During my first year of college, I noticed (mainly my mom) how expensive textbooks were because she paid for them. Most classes had homework software that you had to buy separately, not to mention how heavy they were to carry around. I thought to myself, their must be an easier way.
So, the following year, I persuaded my mother to buy my twin brother and I our own iPad’s. She agreed after we showed her how eBooks were a fraction of the cost of the traditional, hardbound textbooks. I thought to myself, it is redundant to buy both the hardcover book and electronic software that came with a eBook. After that, I only carried an iPad around to school while smiling and laughing at students who carried multiple textbooks around campus.
How does redundancy show up in the workplace? By having too many systems, not exploring them or using them to their full capacity. For example, any business may multiple systems, one that handles only sales, another for accounts receivable and accounts payable, a third for inventory, then have to take all of these numbers and key them into an accounting software like QuickBooks Online.

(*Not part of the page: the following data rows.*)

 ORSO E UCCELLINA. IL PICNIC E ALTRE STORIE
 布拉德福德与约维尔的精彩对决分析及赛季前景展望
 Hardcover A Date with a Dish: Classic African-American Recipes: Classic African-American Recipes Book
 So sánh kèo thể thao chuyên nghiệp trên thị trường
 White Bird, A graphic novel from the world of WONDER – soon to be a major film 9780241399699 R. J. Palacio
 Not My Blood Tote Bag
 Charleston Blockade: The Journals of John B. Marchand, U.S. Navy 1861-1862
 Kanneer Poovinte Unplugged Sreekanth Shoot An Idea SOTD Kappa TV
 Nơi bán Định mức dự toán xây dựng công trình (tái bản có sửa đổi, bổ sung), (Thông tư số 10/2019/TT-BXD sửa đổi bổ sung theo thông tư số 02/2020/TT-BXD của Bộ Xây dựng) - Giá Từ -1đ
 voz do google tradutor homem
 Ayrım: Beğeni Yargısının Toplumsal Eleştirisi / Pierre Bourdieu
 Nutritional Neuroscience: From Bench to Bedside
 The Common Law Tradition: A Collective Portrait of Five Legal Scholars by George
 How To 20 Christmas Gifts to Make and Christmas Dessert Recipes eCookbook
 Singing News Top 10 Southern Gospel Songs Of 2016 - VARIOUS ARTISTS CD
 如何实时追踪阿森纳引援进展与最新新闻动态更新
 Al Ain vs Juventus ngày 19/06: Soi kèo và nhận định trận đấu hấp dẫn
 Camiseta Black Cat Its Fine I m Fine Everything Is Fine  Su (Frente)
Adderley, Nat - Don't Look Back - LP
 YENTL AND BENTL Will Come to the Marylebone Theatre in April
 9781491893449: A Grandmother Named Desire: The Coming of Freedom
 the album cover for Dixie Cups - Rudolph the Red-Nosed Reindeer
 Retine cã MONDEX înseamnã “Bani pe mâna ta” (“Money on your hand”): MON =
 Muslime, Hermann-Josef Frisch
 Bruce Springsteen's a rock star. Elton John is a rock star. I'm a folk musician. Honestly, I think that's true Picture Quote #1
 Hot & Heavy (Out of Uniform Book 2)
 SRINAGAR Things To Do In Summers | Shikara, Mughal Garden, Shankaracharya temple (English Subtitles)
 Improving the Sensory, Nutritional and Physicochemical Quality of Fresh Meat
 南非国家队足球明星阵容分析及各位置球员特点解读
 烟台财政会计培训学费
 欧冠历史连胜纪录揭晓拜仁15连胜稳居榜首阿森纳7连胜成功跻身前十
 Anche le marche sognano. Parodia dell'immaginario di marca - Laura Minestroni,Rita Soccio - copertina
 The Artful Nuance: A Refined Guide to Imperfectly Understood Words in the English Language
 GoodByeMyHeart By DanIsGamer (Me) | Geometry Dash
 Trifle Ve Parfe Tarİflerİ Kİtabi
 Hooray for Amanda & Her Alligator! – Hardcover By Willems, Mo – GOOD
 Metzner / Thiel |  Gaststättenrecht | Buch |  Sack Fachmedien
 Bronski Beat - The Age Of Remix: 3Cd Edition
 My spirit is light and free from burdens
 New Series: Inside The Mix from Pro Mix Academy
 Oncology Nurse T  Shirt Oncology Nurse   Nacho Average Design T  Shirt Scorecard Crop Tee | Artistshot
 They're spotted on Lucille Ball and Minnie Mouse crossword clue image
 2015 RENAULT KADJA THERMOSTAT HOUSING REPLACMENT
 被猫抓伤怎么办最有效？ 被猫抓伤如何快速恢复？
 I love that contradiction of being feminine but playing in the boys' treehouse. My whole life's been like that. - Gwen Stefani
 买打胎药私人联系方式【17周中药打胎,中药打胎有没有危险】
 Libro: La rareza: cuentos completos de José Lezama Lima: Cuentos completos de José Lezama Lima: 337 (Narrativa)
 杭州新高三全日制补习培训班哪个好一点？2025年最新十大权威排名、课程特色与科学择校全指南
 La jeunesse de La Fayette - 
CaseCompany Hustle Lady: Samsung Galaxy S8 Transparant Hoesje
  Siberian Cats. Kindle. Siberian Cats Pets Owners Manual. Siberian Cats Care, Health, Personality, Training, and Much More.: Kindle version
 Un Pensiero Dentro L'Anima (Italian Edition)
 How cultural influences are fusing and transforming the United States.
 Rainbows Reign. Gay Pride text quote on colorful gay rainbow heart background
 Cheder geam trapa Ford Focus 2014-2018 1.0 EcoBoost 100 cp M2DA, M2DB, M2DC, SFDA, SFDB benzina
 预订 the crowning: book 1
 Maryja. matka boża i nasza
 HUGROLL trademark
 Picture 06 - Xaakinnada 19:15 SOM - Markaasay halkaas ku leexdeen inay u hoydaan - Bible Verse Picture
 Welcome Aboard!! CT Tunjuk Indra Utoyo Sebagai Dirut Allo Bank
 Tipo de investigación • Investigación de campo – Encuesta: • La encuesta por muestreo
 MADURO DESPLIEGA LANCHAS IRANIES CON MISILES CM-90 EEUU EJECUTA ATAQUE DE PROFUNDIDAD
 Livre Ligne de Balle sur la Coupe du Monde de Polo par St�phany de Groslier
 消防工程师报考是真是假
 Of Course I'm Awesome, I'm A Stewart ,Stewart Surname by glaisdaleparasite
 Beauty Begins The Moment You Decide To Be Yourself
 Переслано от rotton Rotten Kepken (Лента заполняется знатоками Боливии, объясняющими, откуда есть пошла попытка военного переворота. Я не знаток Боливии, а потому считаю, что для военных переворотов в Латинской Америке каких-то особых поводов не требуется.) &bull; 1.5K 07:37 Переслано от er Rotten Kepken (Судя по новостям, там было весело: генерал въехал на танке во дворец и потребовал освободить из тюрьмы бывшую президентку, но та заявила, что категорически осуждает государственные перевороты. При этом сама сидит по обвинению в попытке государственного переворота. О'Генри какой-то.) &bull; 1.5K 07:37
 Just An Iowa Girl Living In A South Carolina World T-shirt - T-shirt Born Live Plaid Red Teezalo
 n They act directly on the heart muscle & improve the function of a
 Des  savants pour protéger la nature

The best thing is to invest in one software or softwares that work with one another that you can customize and integrate. In a perfect world, when a sale happens, every system updates automatically (you can do this with a barcode system). This process will cut down on time and redundant data entry.
I am sure most people feel that they are up to date on all technology, but truthfully if you’re not researching new technology, you’re getting left behind – this applies to the workplace as well.